» **Dataset extract**:
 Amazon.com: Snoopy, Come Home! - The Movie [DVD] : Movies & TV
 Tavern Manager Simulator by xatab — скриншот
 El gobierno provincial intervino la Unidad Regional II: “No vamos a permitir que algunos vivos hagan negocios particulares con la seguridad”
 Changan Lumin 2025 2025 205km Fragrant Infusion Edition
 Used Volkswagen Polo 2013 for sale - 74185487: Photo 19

---

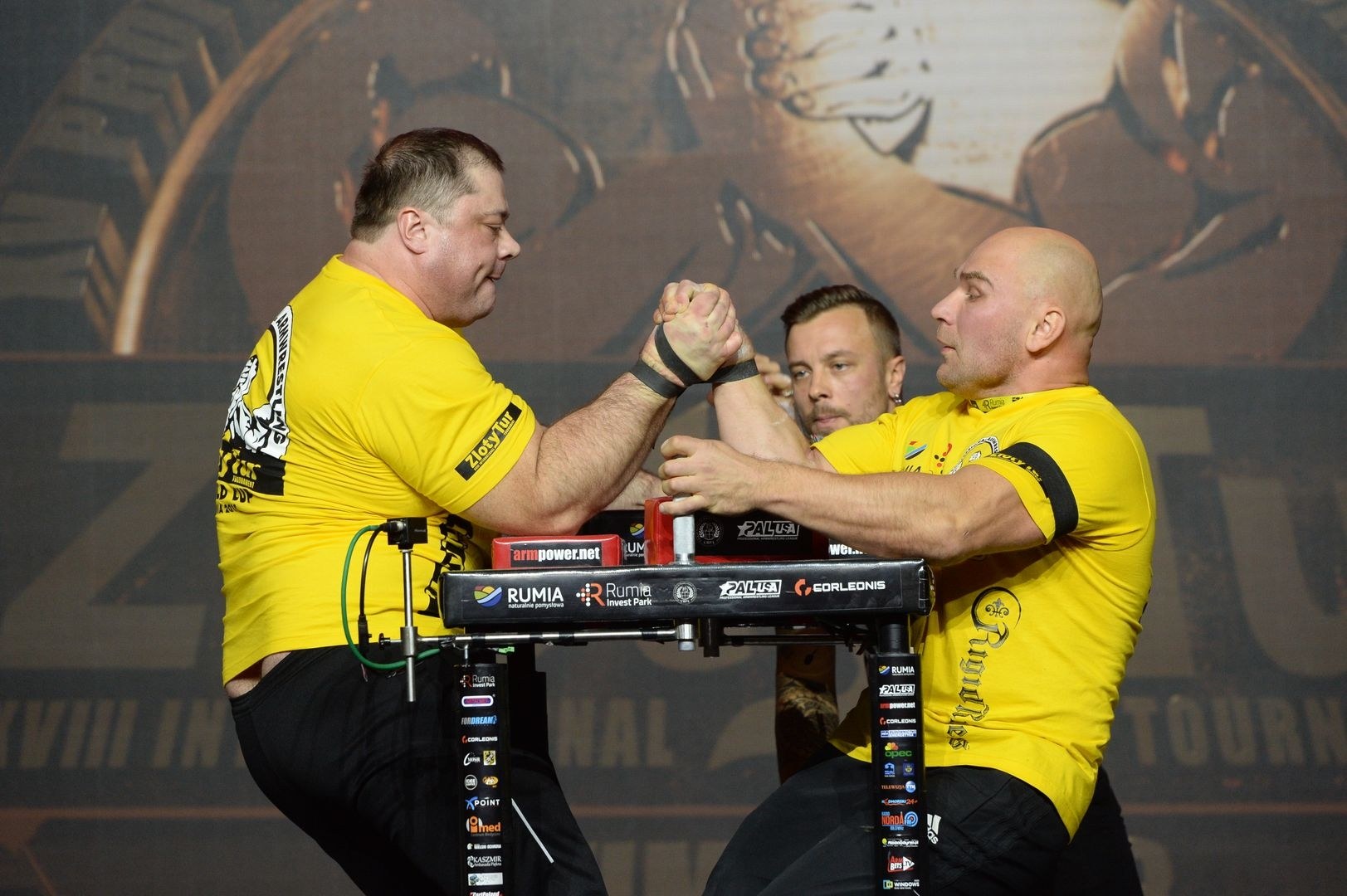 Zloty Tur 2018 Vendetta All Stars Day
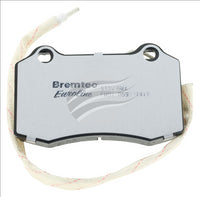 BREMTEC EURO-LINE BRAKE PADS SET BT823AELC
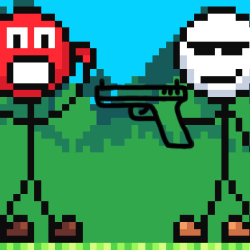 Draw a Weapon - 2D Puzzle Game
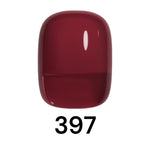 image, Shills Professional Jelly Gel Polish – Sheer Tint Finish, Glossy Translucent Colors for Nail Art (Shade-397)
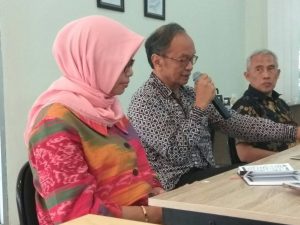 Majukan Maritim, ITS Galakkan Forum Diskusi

---

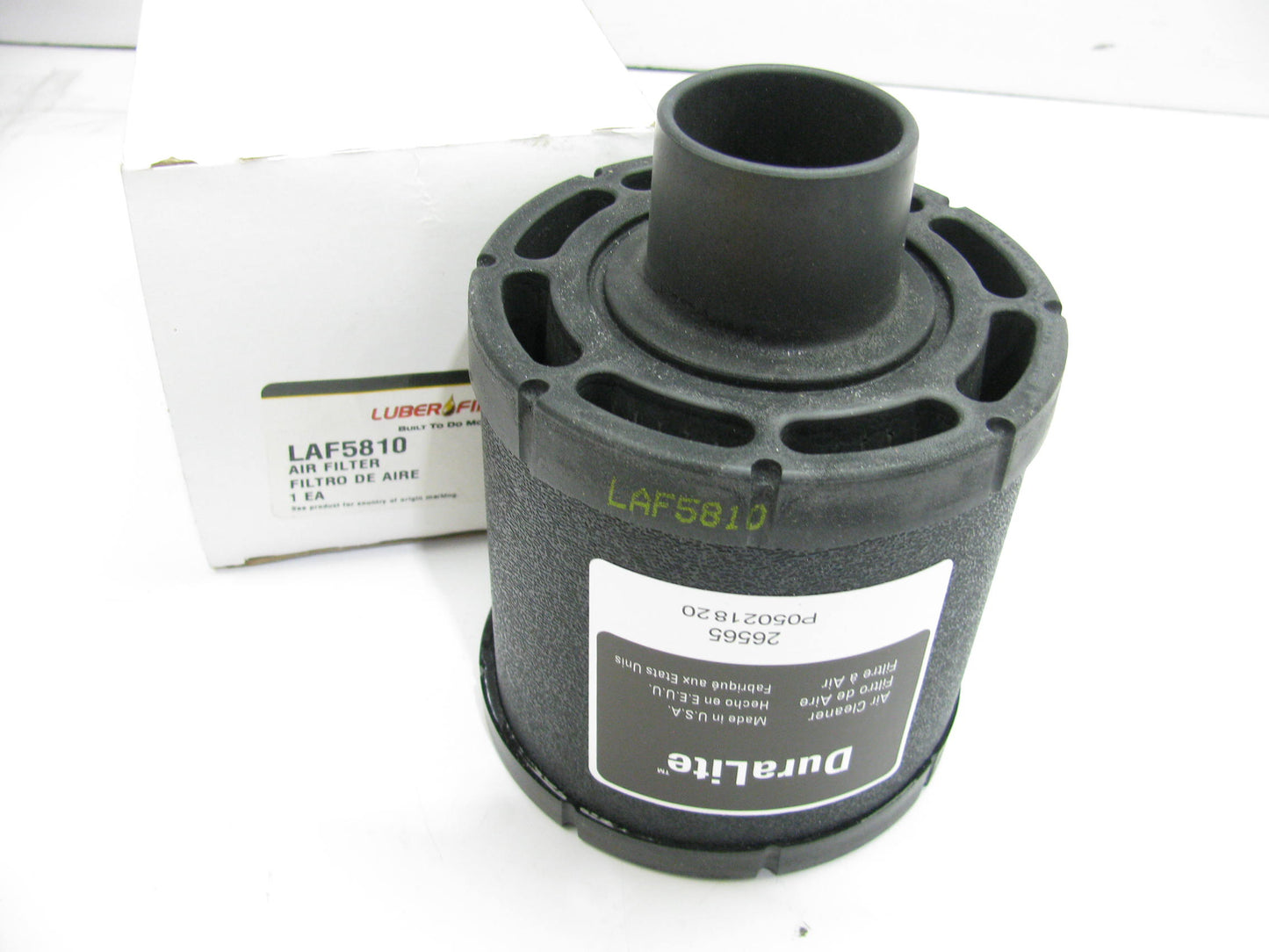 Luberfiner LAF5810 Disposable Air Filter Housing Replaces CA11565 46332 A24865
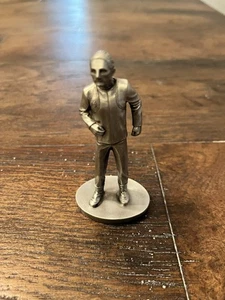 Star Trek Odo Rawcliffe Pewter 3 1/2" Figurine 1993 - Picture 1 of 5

» **Work to be completed**:
Would you copy out, exactly and with no pictures, only the lines above from the one that contains "Draw a Weapon - 2D Puzzle Game" through the one that contains "Majukan Maritim, ITS Galakkan Forum Diskusi"?

» **Solution below**:
 Draw a Weapon - 2D Puzzle Game
 image, Shills Professional Jelly Gel Polish – Sheer Tint Finish, Glossy Translucent Colors for Nail Art (Shade-397)
 Majukan Maritim, ITS Galakkan Forum Diskusi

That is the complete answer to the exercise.